Copy each line containing "Porsche" from the listing below.

─── Input

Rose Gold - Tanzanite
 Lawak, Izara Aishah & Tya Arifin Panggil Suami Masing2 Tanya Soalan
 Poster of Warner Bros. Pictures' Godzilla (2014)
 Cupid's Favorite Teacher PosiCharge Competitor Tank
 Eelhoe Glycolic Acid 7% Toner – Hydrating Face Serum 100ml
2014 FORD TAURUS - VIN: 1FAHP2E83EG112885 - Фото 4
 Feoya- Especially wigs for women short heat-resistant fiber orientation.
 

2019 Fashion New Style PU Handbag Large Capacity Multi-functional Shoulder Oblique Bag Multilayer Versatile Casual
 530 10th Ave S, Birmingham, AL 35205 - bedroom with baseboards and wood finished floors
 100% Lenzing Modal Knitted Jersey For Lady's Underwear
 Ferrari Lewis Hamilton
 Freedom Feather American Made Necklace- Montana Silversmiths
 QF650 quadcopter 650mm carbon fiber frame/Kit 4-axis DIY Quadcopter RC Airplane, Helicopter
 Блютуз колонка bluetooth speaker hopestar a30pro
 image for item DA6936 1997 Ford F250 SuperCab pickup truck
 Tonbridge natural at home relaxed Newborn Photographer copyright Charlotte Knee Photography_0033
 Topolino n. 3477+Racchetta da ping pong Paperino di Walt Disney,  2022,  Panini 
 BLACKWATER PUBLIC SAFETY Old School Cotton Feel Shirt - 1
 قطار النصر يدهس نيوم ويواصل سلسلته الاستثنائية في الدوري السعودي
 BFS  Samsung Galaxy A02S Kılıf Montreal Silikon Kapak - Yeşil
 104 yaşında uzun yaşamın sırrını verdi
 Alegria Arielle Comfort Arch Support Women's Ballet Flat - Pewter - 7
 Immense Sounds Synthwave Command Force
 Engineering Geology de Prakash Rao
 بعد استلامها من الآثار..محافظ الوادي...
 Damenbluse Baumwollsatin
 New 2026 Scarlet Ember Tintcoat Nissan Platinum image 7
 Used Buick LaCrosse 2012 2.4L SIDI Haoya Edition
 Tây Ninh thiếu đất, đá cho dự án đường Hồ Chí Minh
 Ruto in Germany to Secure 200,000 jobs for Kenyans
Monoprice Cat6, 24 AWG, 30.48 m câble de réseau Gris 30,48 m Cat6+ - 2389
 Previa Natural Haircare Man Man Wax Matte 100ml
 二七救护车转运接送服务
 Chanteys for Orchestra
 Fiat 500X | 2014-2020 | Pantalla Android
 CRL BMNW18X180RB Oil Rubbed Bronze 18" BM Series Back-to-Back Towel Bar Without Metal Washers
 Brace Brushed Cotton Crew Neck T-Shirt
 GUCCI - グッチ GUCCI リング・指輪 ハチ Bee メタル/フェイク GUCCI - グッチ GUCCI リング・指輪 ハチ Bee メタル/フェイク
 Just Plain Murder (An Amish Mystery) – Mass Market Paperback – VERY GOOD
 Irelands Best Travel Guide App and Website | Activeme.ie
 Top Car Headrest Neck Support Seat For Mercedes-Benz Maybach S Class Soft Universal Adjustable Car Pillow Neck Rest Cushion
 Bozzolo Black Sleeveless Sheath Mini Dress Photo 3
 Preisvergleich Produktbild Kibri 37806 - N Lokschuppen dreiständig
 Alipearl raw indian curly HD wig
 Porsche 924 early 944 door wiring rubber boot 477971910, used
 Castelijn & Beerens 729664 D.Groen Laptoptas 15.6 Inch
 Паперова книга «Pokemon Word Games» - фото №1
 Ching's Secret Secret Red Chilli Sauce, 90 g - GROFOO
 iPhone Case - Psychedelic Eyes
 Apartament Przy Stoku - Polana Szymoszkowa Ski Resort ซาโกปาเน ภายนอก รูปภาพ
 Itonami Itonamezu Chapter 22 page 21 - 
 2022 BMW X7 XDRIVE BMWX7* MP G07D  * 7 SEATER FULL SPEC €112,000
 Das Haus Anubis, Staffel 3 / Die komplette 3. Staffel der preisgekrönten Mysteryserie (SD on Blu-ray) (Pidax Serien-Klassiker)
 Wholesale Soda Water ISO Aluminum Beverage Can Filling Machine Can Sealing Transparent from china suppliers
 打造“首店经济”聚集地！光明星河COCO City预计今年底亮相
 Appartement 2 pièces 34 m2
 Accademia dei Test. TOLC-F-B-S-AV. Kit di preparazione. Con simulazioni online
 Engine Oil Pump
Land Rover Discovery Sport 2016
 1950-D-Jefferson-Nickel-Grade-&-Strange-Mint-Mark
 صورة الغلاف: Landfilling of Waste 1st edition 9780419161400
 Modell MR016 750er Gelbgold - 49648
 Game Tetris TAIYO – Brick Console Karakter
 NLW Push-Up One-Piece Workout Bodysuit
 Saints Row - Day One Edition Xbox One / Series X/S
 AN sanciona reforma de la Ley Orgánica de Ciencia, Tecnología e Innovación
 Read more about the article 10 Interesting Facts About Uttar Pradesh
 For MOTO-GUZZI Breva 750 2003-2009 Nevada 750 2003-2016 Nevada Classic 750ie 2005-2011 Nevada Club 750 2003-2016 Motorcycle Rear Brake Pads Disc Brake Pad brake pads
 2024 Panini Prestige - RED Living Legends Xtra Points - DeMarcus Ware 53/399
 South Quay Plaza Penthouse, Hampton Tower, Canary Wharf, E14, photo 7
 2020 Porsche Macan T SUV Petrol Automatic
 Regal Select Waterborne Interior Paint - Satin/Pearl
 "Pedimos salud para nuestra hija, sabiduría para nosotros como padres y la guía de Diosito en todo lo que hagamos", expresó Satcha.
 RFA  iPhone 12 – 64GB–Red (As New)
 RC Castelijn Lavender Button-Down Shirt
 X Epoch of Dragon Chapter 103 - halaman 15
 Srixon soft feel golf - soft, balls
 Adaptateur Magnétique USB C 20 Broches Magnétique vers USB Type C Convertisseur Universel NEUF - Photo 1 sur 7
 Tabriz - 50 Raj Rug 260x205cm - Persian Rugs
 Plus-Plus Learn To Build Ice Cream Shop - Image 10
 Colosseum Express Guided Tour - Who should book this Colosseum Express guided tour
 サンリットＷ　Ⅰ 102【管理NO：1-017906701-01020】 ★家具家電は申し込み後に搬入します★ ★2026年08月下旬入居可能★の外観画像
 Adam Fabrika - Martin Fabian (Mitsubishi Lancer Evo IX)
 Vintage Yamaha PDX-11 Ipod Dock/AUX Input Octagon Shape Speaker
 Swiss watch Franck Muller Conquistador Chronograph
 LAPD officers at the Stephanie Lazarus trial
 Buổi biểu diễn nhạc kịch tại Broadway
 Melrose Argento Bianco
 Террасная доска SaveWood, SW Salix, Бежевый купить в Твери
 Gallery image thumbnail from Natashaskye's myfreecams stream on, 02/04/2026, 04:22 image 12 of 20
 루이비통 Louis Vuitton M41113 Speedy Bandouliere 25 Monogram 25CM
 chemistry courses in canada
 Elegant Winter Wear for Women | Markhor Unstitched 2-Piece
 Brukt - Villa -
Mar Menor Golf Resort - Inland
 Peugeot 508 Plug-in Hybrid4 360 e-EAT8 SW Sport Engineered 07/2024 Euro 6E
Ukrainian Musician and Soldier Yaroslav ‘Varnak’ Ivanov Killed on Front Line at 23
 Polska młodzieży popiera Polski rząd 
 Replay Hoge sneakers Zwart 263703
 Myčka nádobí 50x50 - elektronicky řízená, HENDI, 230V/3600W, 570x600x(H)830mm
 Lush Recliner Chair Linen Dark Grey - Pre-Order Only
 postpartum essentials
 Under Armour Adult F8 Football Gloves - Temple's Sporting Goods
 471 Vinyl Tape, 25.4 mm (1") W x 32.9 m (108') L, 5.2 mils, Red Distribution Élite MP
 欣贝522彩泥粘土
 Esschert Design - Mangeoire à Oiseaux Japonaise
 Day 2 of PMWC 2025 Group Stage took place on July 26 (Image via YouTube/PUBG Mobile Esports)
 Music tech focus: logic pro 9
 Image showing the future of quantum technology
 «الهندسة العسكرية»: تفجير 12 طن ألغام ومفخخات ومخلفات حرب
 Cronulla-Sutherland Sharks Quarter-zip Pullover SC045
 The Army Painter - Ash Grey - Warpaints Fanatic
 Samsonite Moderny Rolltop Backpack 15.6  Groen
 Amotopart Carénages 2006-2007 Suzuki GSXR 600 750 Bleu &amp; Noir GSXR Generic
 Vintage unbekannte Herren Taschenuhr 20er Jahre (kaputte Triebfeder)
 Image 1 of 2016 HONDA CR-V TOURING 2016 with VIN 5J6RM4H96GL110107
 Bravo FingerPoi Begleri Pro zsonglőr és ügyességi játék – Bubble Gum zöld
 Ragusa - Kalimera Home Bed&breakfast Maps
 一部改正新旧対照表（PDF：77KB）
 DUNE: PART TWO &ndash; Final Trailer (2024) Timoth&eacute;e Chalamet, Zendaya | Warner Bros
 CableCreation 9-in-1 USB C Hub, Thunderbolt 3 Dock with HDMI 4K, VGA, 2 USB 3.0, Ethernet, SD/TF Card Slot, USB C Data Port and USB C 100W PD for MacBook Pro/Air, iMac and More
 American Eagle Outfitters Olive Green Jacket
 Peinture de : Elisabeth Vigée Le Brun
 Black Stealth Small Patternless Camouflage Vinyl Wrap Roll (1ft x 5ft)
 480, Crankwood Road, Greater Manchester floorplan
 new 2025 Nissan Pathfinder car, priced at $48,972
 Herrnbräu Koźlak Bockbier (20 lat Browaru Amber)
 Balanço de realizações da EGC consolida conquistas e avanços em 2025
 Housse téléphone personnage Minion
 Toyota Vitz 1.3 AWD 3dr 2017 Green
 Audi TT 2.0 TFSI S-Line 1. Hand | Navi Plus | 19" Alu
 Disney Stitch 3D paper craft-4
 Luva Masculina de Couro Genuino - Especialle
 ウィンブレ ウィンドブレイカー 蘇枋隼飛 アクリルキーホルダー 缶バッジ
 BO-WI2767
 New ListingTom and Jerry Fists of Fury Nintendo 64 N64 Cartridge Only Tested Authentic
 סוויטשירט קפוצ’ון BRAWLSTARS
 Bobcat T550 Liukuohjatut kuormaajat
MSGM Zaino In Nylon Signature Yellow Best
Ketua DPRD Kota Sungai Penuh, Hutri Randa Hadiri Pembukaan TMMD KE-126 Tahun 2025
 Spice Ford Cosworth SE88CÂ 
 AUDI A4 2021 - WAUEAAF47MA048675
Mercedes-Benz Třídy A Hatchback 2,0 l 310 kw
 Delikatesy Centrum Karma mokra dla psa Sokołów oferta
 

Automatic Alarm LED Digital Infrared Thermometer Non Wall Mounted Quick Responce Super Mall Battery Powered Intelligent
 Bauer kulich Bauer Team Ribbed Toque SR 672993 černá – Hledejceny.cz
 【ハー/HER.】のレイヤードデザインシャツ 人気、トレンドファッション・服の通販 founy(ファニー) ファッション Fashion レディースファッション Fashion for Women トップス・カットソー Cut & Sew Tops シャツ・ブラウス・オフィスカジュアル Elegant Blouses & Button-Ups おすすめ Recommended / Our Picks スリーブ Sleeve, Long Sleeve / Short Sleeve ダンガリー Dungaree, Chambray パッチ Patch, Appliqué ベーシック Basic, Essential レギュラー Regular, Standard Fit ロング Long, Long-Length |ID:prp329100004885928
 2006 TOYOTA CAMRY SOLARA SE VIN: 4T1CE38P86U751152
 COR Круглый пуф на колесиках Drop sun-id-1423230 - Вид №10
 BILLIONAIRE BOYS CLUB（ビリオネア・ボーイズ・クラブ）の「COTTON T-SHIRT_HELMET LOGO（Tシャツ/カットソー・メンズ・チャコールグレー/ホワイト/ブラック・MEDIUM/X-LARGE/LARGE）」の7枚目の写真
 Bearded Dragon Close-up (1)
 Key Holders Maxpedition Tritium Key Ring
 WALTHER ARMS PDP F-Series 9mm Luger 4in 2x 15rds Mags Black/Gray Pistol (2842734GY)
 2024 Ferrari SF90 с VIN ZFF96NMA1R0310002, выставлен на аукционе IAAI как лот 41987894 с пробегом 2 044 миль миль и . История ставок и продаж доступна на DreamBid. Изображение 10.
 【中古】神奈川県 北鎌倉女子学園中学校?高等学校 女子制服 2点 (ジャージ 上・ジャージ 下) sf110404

──────

**Your solution**
 Porsche 924 early 944 door wiring rubber boot 477971910, used
 2020 Porsche Macan T SUV Petrol Automatic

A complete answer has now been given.